I'm trying to understand how to fetch recently published documents appearing in Pubmed. It's not as straightforward as you would think.
Mostly I'm confused by how PDAT works. In the XML, PubDate only has month and year (no day) for 90+% of the results, yet a search like
"2012/10/11"[PDAT] : "2012/10/31"[PDAT]
gives 39178 results while
"2012/10/19"[PDAT] : "2012/10/31"[PDAT]
gives 21679 results
There's no Day field in the Article Element of Pubmed XML for most articles. See here: qplot of PubDate/Day extracted from XML
If there is no day field in PubDate for the vast majority of journals, how come these searches differ so much? I would expect that a search for papers published between October 29th and October 31st would also show papers pubished in October and not including a publication day, which seems to be the case, so if the day field is only there for 10% of articles, the number of results for any date range search in October should only differ by a max of about 10%, right?
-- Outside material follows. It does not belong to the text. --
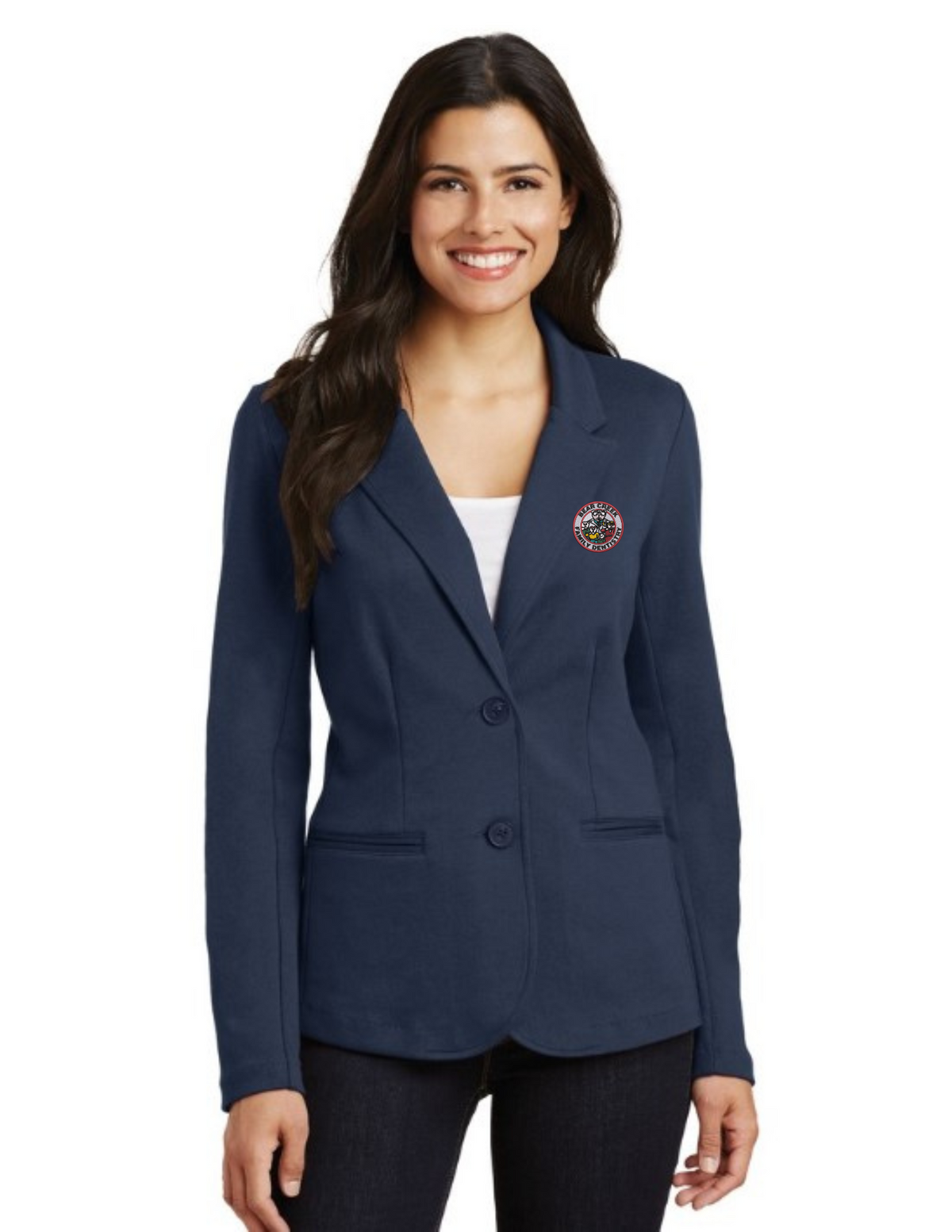 BCFD_LM2000 Port Authority Ladies Knit Blazer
I could use created date, but created dates range from June to now for papers published this month, presumably because some publishers send in data well before the print comes out, so that's not really what I want.
Looks like [PDAT] references the
ArticleDate
XML nodeThanks, where did you find this information?
Just by browsing the XML of the query results; there are a few different date fields for each article but that one seems to be the only one consistently fitting within the range specified by PDAT — I could be mistaken though.
hmmm. maybe so. Such a bewildering array of dates...
This question continues to trouble me. Here is my latest examination of PDAT.
It does not map to ArticleDate. My best guess is that using DocSum XML output format, it maps to
Item[@Name='PubDate']
or if EPubDate exists and is earlier,Item[@Name='EPubDate']
.